It's a testament to the uncertainty of the world these days that we don't know whether to scold or praise House Republicans who balked at the $700 billion bailout package and sent Wall Street into another tailspin yesterday.
Lawmakers worked all weekend to craft a bailout package, and announced yesterday morning that an agreement had been reached. Except too many Republicans balked at the terms, and voted it down.
It's hard to blame them. We've said it before, and we'll say it even louder this time: The similarities between this bailout and the worst of subprime lending are too close for comfort. Like a questionable subprime loan, this bailout rewards the undeserving. Plus, the terms are vague, the outcome is questionable, and it feeds into the over-leveraged credit frenzy that got us here in the first place.
On the other hand, President Bush says that doing nothing is not an option, since it could lead to a collapse of Wall Street that would quickly find its way to Main Street. With credit freezing, businesses would go bust, people would lose jobs, more homes would be foreclosed.
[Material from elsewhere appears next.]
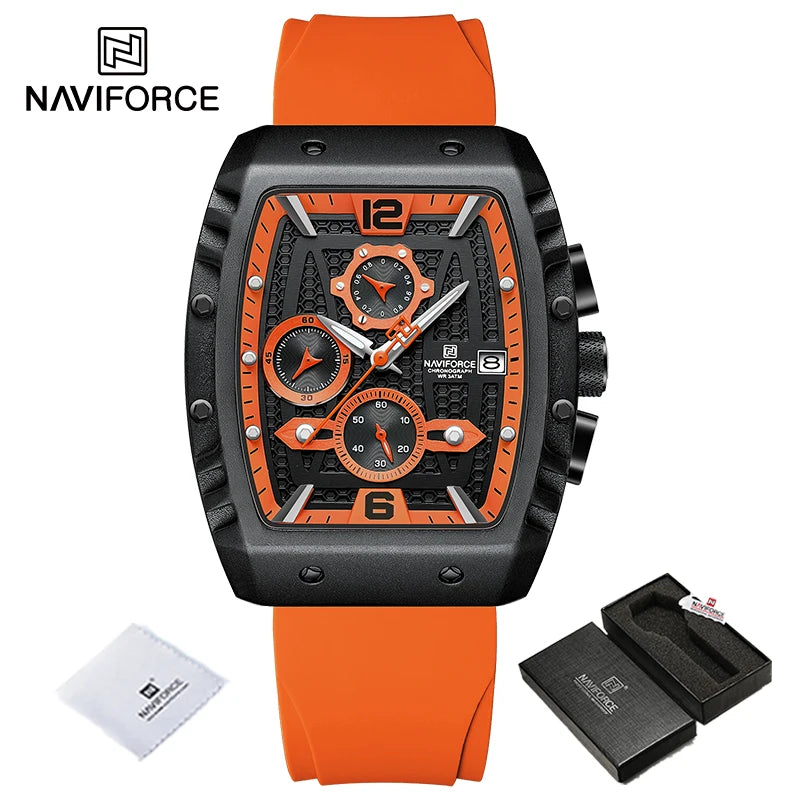 NAVIFORCE NF8025 Waterproof Sport Chronograph Watch ATHLEXES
Yet others say that's an exaggerated scenario - that things would certainly be bad for a while, but nothing as bad as a calamity.
What we don't understand: When Bush announced a bailout was near, the stock market went down. All day, it acted erratically. When the House vote was announced, the market plunged again. Before the market closed, it rallied, but then went down again. Could it be we are a little too obsessed with tracking the movements of an animal that reacts unpredicatably, erratically, and doesn't respond in logical ways to actions meant to soothe it? And we're not talking about John McCain.